- _Task data_
########
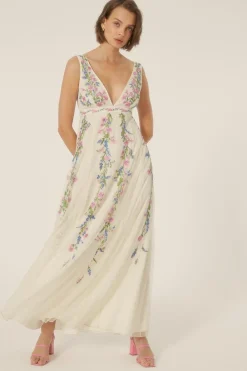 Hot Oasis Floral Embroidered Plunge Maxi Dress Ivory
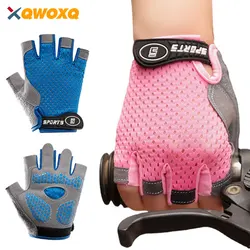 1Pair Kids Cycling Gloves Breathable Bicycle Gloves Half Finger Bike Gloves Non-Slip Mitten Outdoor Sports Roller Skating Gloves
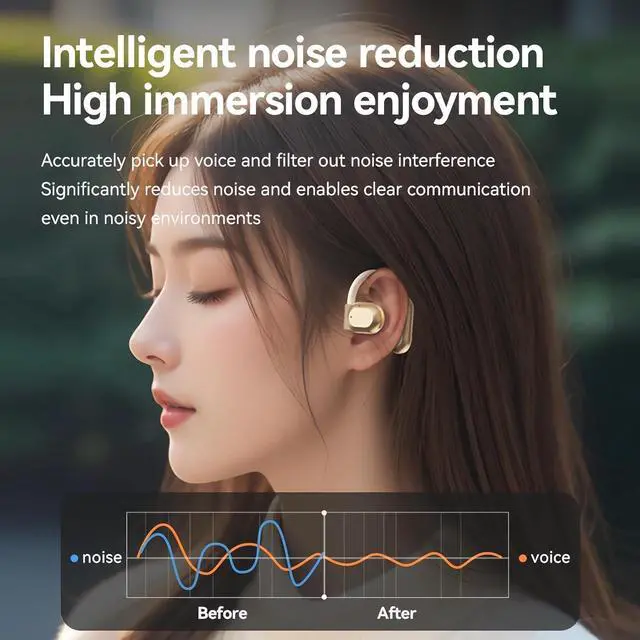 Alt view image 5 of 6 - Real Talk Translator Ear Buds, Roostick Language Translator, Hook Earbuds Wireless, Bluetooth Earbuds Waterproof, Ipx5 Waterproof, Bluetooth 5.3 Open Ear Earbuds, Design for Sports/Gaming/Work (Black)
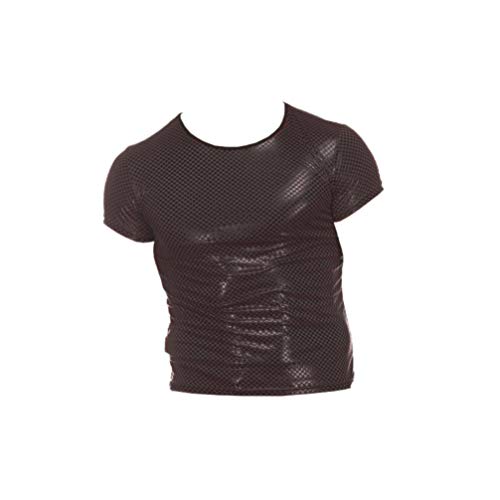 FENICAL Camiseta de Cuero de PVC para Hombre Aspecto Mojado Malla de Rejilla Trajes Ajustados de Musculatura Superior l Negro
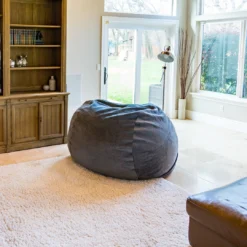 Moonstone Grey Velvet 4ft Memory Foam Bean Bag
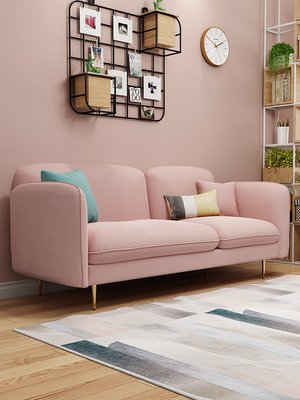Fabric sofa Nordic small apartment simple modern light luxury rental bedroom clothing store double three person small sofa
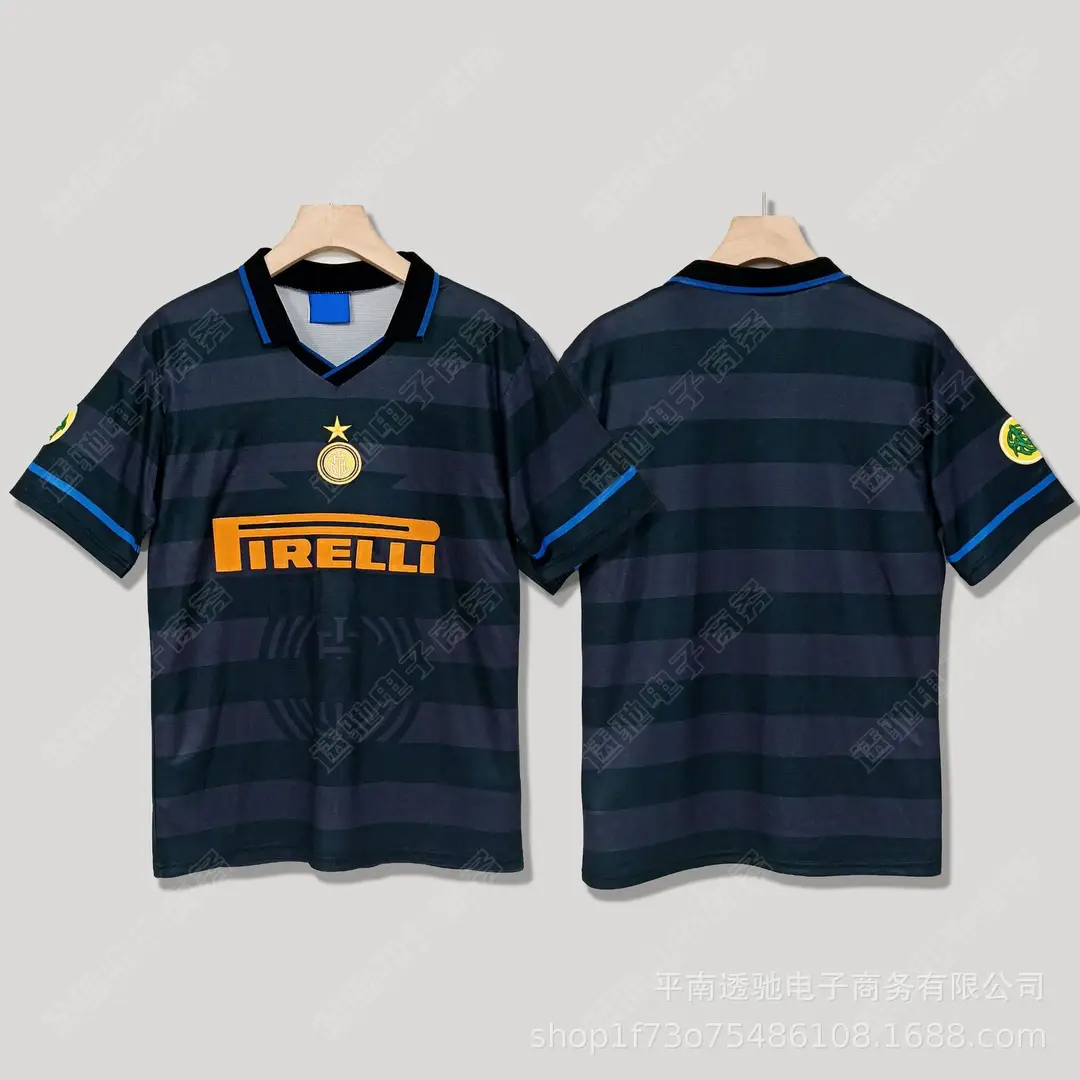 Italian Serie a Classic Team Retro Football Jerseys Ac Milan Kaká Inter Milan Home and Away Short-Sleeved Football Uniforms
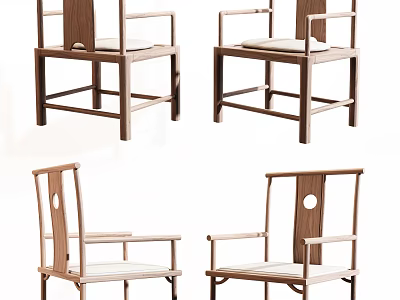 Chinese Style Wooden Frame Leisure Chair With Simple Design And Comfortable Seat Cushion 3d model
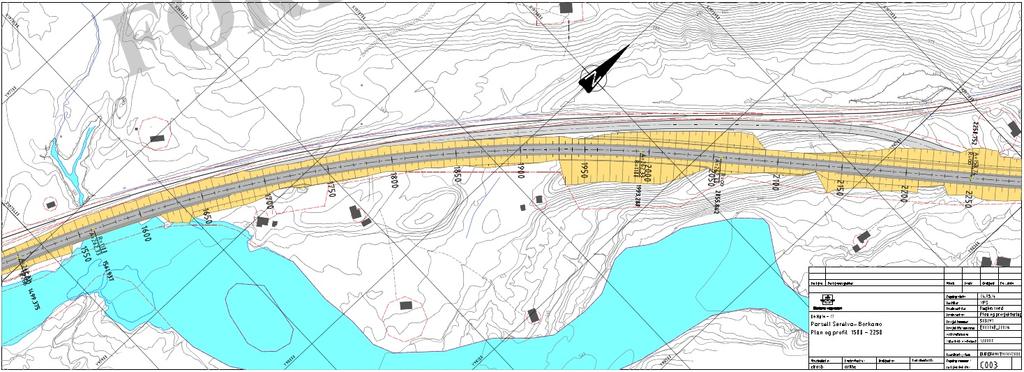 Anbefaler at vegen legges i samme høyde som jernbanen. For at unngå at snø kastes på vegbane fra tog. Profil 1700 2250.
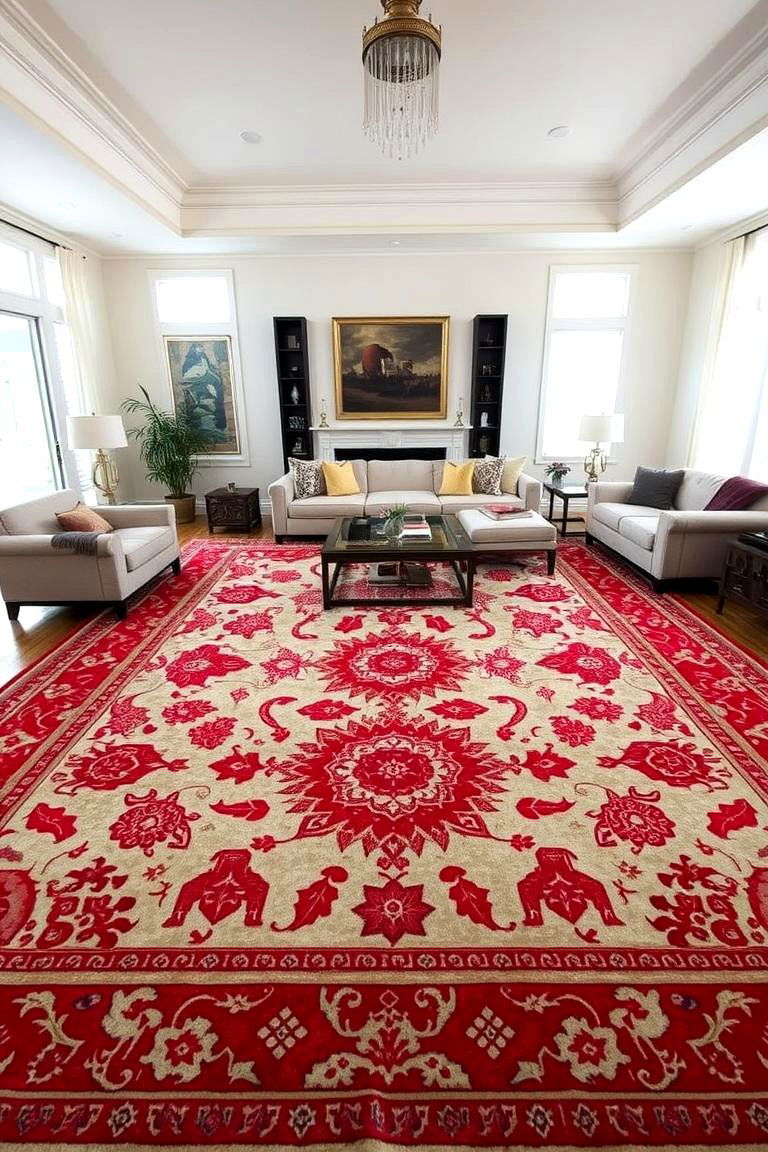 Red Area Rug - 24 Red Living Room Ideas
########
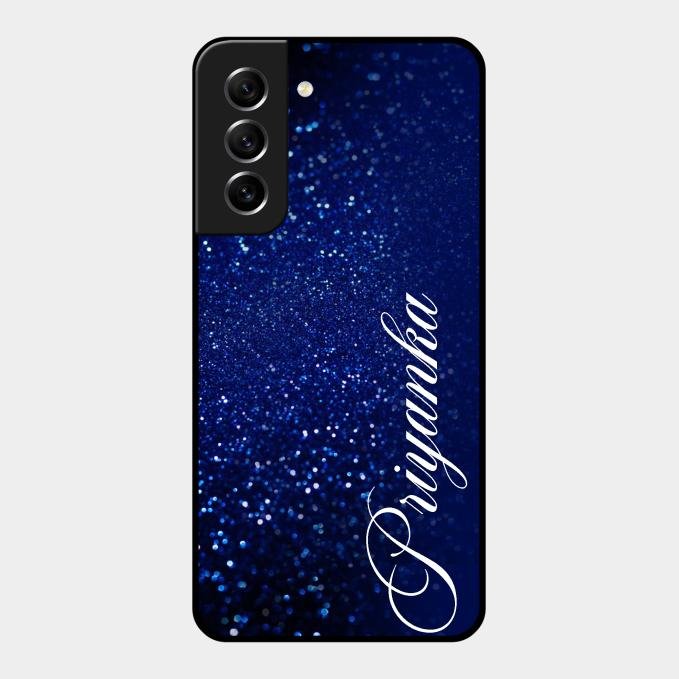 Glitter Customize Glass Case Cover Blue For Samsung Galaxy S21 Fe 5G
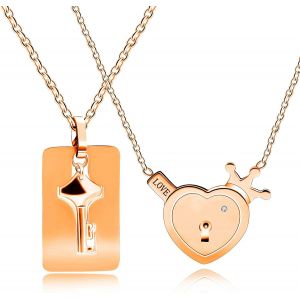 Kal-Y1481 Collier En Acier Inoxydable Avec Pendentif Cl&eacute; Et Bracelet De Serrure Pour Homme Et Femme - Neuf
########
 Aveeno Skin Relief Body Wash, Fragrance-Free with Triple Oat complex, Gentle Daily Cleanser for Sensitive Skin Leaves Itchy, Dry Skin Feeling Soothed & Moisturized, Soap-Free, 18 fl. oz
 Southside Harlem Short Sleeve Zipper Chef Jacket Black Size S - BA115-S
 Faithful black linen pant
########
- _What you should do_
Exact copy, pictures excluded: every line above from the one containing "Hot Oasis Floral" to the one containing "Red Area Rug - 24 Red Living Room Ideas", inclusive, and nothing more.

- _Task output_
 Hot Oasis Floral Embroidered Plunge Maxi Dress Ivory
 1Pair Kids Cycling Gloves Breathable Bicycle Gloves Half Finger Bike Gloves Non-Slip Mitten Outdoor Sports Roller Skating Gloves
 Alt view image 5 of 6 - Real Talk Translator Ear Buds, Roostick Language Translator, Hook Earbuds Wireless, Bluetooth Earbuds Waterproof, Ipx5 Waterproof, Bluetooth 5.3 Open Ear Earbuds, Design for Sports/Gaming/Work (Black)
 FENICAL Camiseta de Cuero de PVC para Hombre Aspecto Mojado Malla de Rejilla Trajes Ajustados de Musculatura Superior l Negro
 Moonstone Grey Velvet 4ft Memory Foam Bean Bag
Fabric sofa Nordic small apartment simple modern light luxury rental bedroom clothing store double three person small sofa
 Italian Serie a Classic Team Retro Football Jerseys Ac Milan Kaká Inter Milan Home and Away Short-Sleeved Football Uniforms
 Chinese Style Wooden Frame Leisure Chair With Simple Design And Comfortable Seat Cushion 3d model
 Anbefaler at vegen legges i samme høyde som jernbanen. For at unngå at snø kastes på vegbane fra tog. Profil 1700 2250.
 Red Area Rug - 24 Red Living Room Ideas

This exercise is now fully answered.